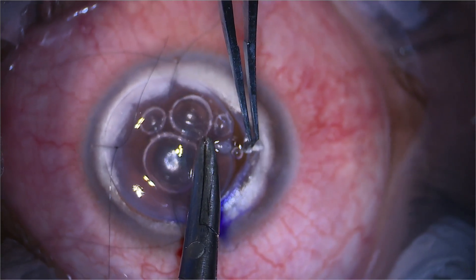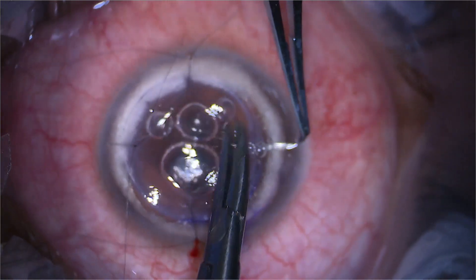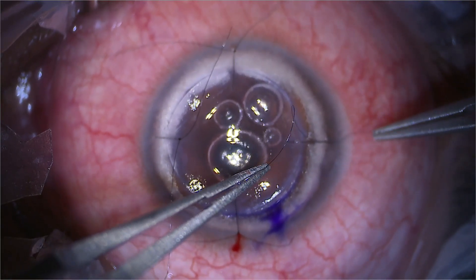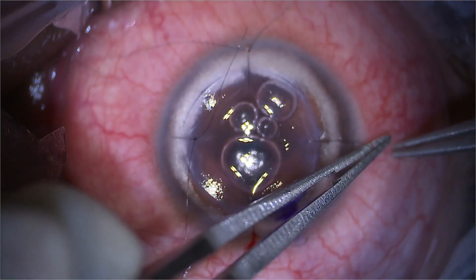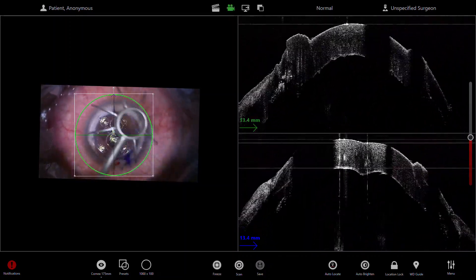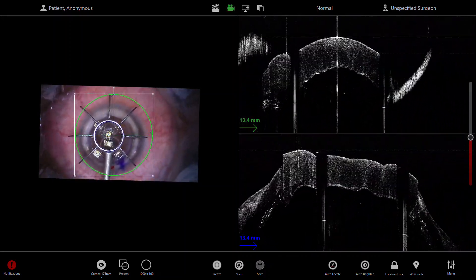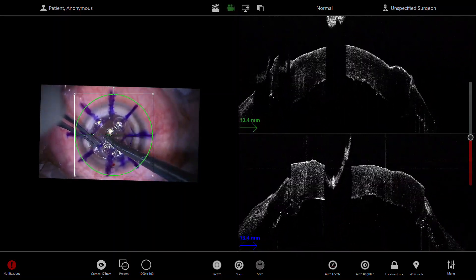With a DALK, keep the edge of the needle facing horizontal rather than facing downwards, and use the flat part of the needle to just push down the Descemet's membrane while going across. The OCT is quite useful to look at the graft and look at the Descemet's membrane and make sure there's no double AC. Here I'm doing the star marking just to act as a guide.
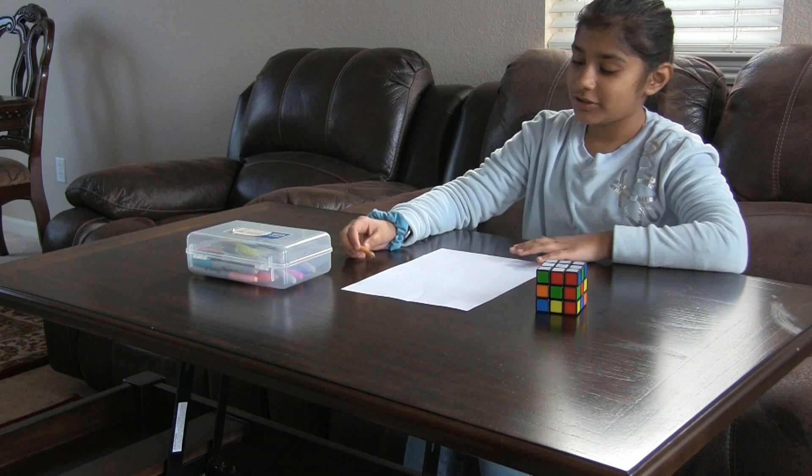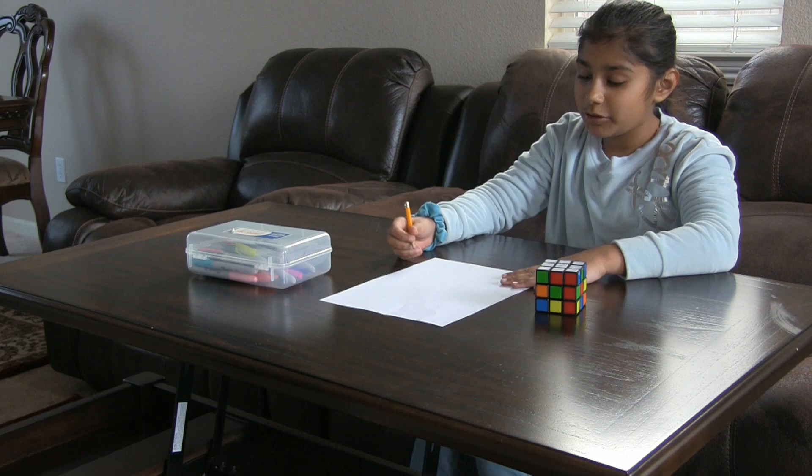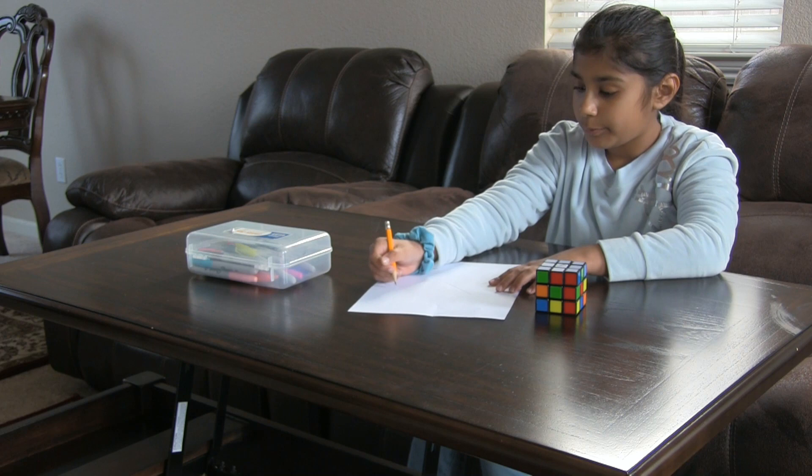Hey guys, today I'm gonna show you how to draw a rainbow cube, so let's get started. First we're gonna do three dots right here. When we're done with our three dots, now we're gonna connect the three dots together.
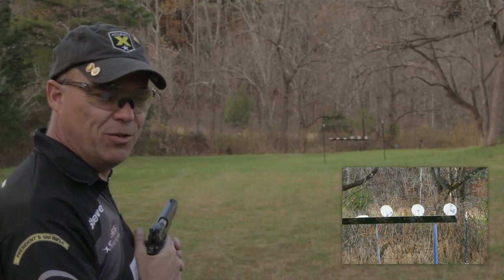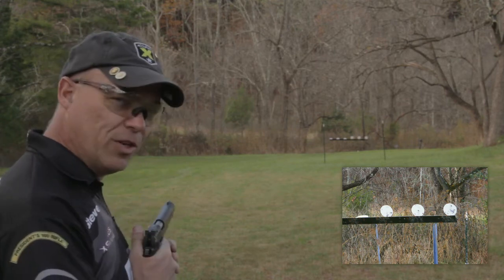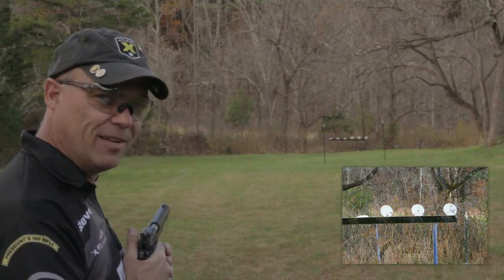Today we're going to do something a little fun. We're going to take one of our X-Series 1911s, and way down range, we're going to shoot at a plate rack with it over 100 yards away. Let's see how it goes.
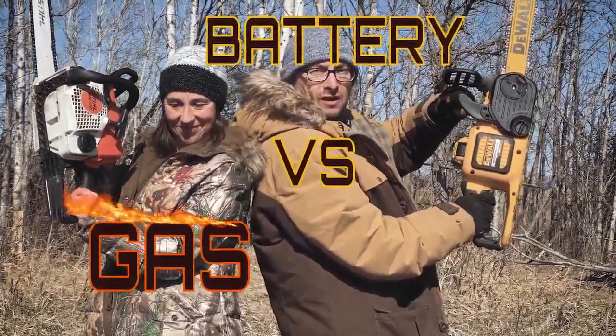On this episode, it's the showdown throwdown!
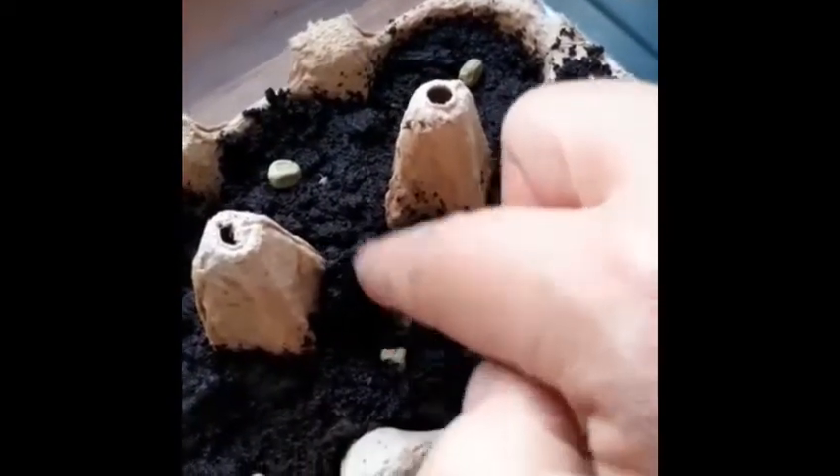It only grows 45 centimeters and I'm starting it indoors because in Ireland it's very cold — I grow them by the windowsill. After around 14 days you'll see them like this. They're small and growing, and I'll grow them outdoors in containers because I don't really have space, and I'll use bamboo sticks for support.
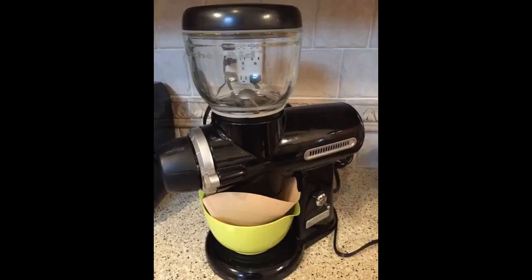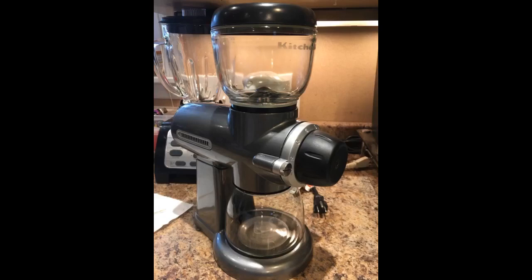The first time I used this grinder I was disappointed with how much static cling I got on the glass bottom container. I did a little research and figured out the cause was grinding frozen beans. I tried it again with room temperature beans and the glass had little to no static or dust. Don't grind frozen coffee beans and you won't have a problem.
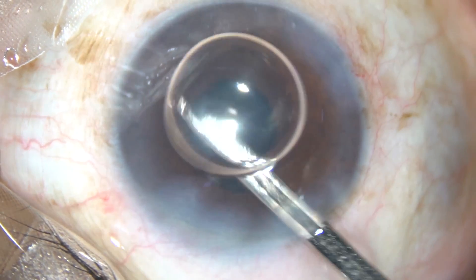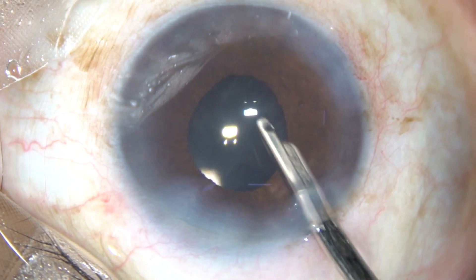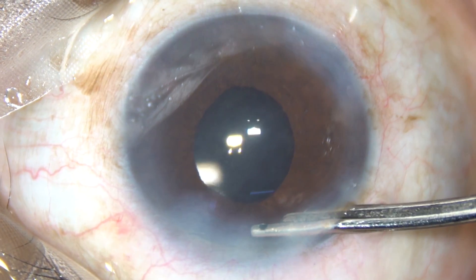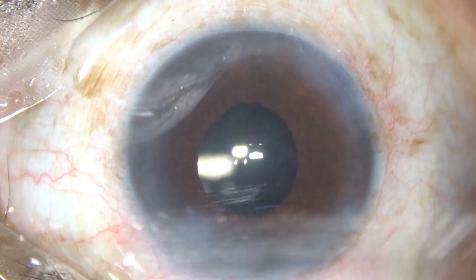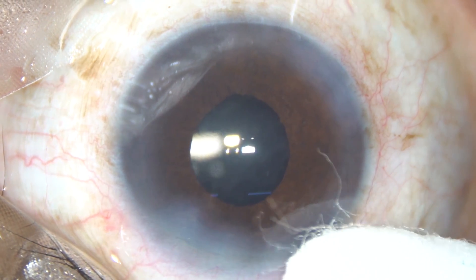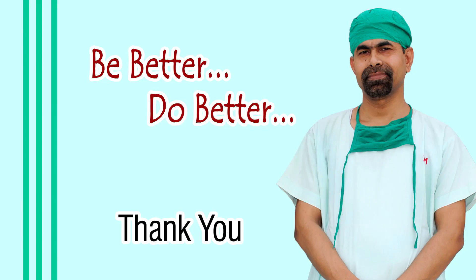This is the final lavage of the anterior chamber. The anterior chamber is formed nicely — this is how you form the anterior chamber and come out. Check the integrity of the wounds; there should not be any leakage from any site. Friends, thank you very much for watching. Hope this video will inspire you to do tough cases using proper tools. Thank you very much.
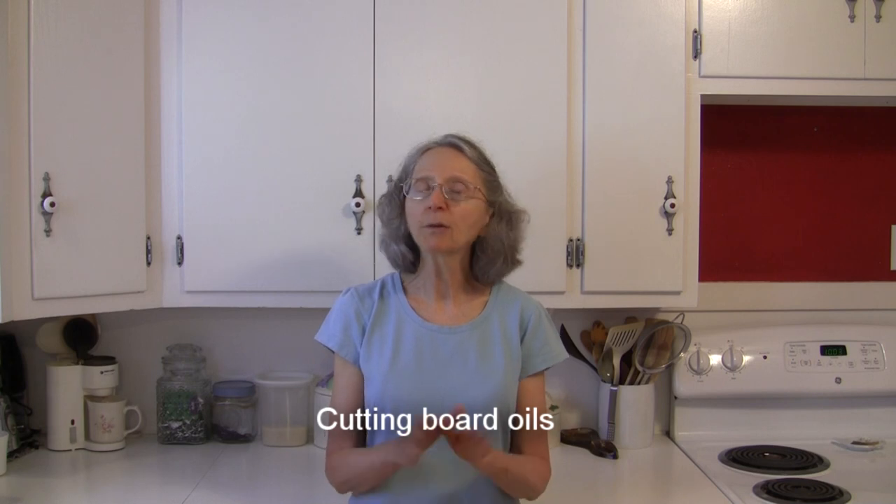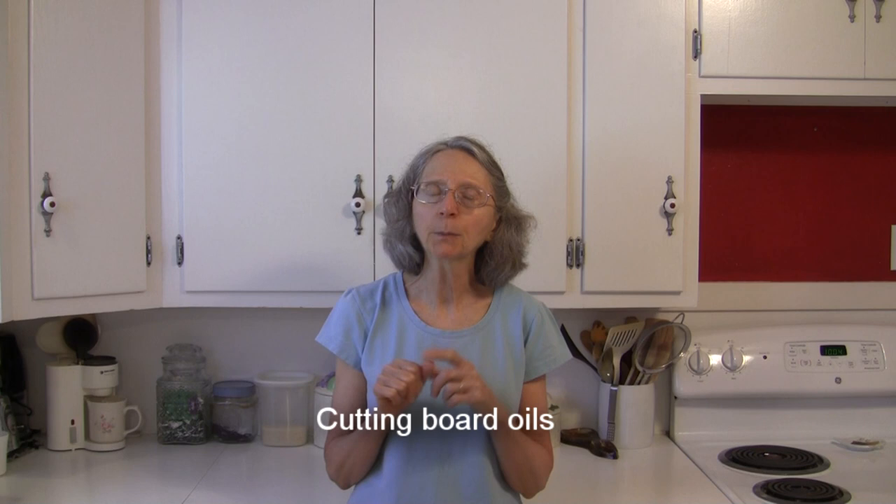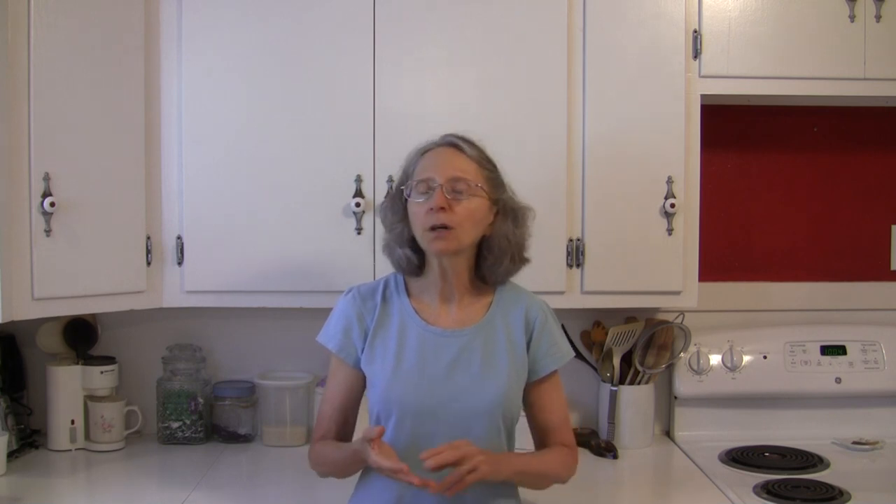Regarding the oils, you never want to use a regular vegetable oil on your cutting board — even olive oil, canola, peanut, safflower, sunflower, or walnut. All of those oils can go rancid in a relatively short amount of time, so you don't want to use them on your board because they'll go rancid and make it smell bad.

What this task involves:
Reproduce the records, all of them, word for word; omit the pictures.

Finished exercise:
With a DALK, keep the edge of the needle facing horizontal rather than facing downwards, and use the flat part of the needle to just push down the Descemet's membrane while going across. The OCT is quite useful to look at the graft and look at the Descemet's membrane and make sure there's no double AC. Here I'm doing the star marking just to act as a guide.
Hey guys, today I'm gonna show you how to draw a rainbow cube, so let's get started. First we're gonna do three dots right here. When we're done with our three dots, now we're gonna connect the three dots together.
Today we're going to do something a little fun. We're going to take one of our X-Series 1911s, and way down range, we're going to shoot at a plate rack with it over 100 yards away. Let's see how it goes.
On this episode, it's the showdown throwdown!
It only grows 45 centimeters and I'm starting it indoors because in Ireland it's very cold — I grow them by the windowsill. After around 14 days you'll see them like this. They're small and growing, and I'll grow them outdoors in containers because I don't really have space, and I'll use bamboo sticks for support.
The first time I used this grinder I was disappointed with how much static cling I got on the glass bottom container. I did a little research and figured out the cause was grinding frozen beans. I tried it again with room temperature beans and the glass had little to no static or dust. Don't grind frozen coffee beans and you won't have a problem.
This is the final lavage of the anterior chamber. The anterior chamber is formed nicely — this is how you form the anterior chamber and come out. Check the integrity of the wounds; there should not be any leakage from any site. Friends, thank you very much for watching. Hope this video will inspire you to do tough cases using proper tools. Thank you very much.
Regarding the oils, you never want to use a regular vegetable oil on your cutting board — even olive oil, canola, peanut, safflower, sunflower, or walnut. All of those oils can go rancid in a relatively short amount of time, so you don't want to use them on your board because they'll go rancid and make it smell bad.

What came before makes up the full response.